We have decided internally to set up a CIDR reservation with all
 new
accounts to give us the ability to easily attach dedicated hosts to
existing VM networks.
   
We were thinking it would be easier to set up the reservation
 before
deploying VMs.  Setting up reservation after the fact can get
   complicated
if a VM happens to be outside the intended reservation range.
   
The issue we're having is that reservation is not allowed until the
   network
is in the Implemented state (i.e. after the first VM is
 deployed).
   
Why is reservation not allowed upon initial network creation?  If
 we
   try to
apply reservation after the first VM is online the command will
 fail
occasionally because the first VM is deployed outside the CIDR
 

RE: Reserved Guest VM CIDR Question

2014-10-06 Thread Saksham Srivastava
Logan,

The reason why reservation is not enabled in create stage is the case of 
External network devices. 
When using external devices like NetScaler, CloudStack will not have a 'real' 
cidr unless the network has been implemented.
So a cidr like /24 used at time of create may turn to /20 when the network has 
been implemented and then it make no sense for reservation in initial stage.
What I will suggest is to create a network offering with 'Persistent' as true.
So your network will be implemented when you create it and VR will be up. Once 
the network has been implemented you can apply reservation.


Thanks,
Saksham


-Original Message-
From: Logan Barfield [mailto:lbarfi...@tqhosting.com] 
Sent: Tuesday, October 7, 2014 12:27 AM
To: dev@cloudstack.apache.org
Subject: Reserved Guest VM CIDR Question

We have decided internally to set up a CIDR reservation with all new accounts 
to give us the ability to easily attach dedicated hosts to existing VM networks.
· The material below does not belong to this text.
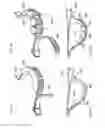 Fig. 14 - Horseman-securing device, saddle, and saddle securing device for preventing a horseman from falling off a four-legged animal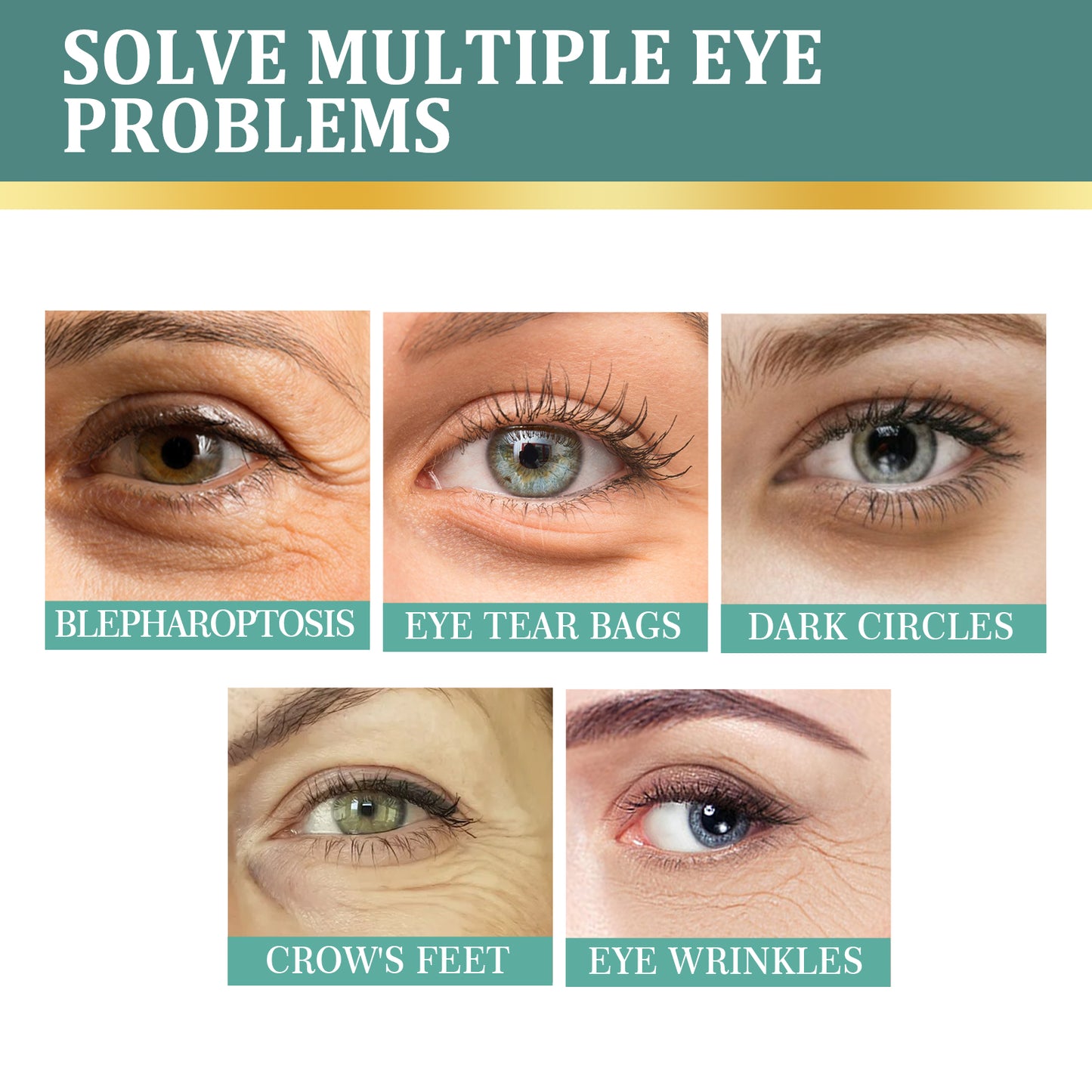 Eye Cream | Lightening Dark Circles, Anti-Aging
We were thinking it would be easier to set up the reservation before deploying 
VMs.  Setting up reservation after the fact can get complicated if a VM happens 
to be outside the intended reservation range.

The issue we're having is that reservation is not allowed until the network is 
in the Implemented state (i.e. after the first VM is deployed).

Why is reservation not allowed upon initial network creation?  If we try to 
apply reservation after the first VM is online the command will fail 
occasionally because the first VM is deployed outside the CIDR range.

Example:

Guest Net: 10.1.1.0/24
Reserved CIDR: 10.1.1.0/25

- Attempt reservation before deploying a VM: Fails due to network not being 
Implemented
- Attempt reservation after many VMs are deployed: Fails due to VMs being 
outside Reserved CIDR (e.g., 10.1.1.150), and requires a lot of work to change 
the VM's IP
- Attempt reservation after first VM is deployed: Either succeeds, or fails if 
the first VMs IP is outside of the reserved CIDR.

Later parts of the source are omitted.